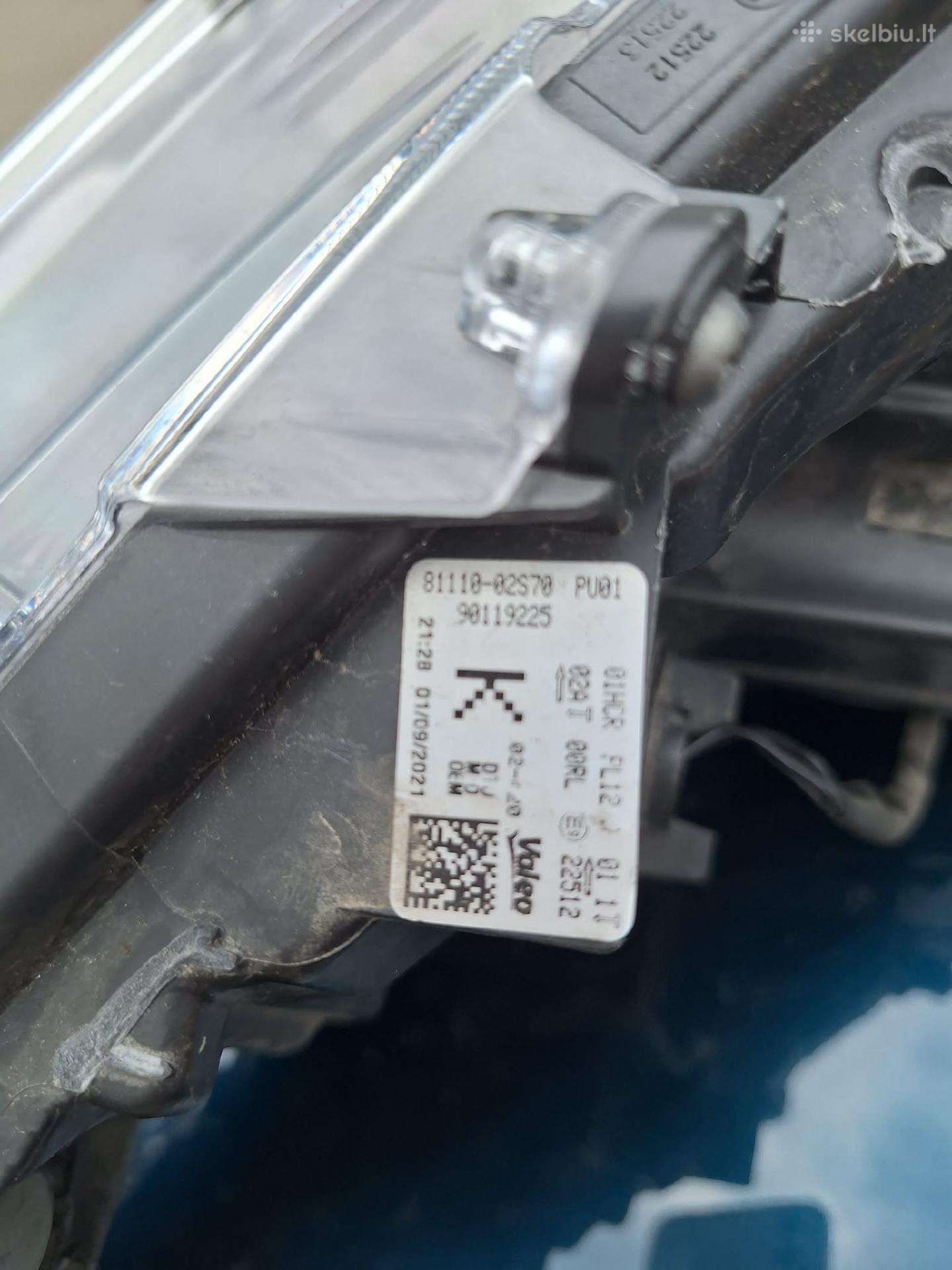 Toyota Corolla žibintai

_ _ _ _

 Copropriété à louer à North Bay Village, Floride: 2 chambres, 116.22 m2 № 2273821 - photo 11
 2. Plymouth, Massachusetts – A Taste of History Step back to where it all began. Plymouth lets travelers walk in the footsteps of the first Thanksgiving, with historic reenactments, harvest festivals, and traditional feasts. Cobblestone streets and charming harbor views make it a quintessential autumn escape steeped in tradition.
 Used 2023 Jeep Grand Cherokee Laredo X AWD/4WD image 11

_ _ _ _

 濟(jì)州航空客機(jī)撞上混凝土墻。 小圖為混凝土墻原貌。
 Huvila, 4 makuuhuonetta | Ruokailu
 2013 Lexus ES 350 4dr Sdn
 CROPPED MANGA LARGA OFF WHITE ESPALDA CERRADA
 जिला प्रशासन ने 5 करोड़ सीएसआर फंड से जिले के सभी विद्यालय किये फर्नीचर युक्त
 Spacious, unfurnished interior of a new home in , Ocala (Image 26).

_ _ _ _

From the records above, print only the lines between the one holding "濟(jì)州航空客機(jī)撞上混凝土墻。 小圖為混凝土墻原貌。" and the one holding "Spacious, unfurnished interior", inclusive, exactly as they stand.

#### [Written reply]
 濟(jì)州航空客機(jī)撞上混凝土墻。 小圖為混凝土墻原貌。
 Huvila, 4 makuuhuonetta | Ruokailu
 2013 Lexus ES 350 4dr Sdn
 CROPPED MANGA LARGA OFF WHITE ESPALDA CERRADA
 जिला प्रशासन ने 5 करोड़ सीएसआर फंड से जिले के सभी विद्यालय किये फर्नीचर युक्त
 Spacious, unfurnished interior of a new home in , Ocala (Image 26).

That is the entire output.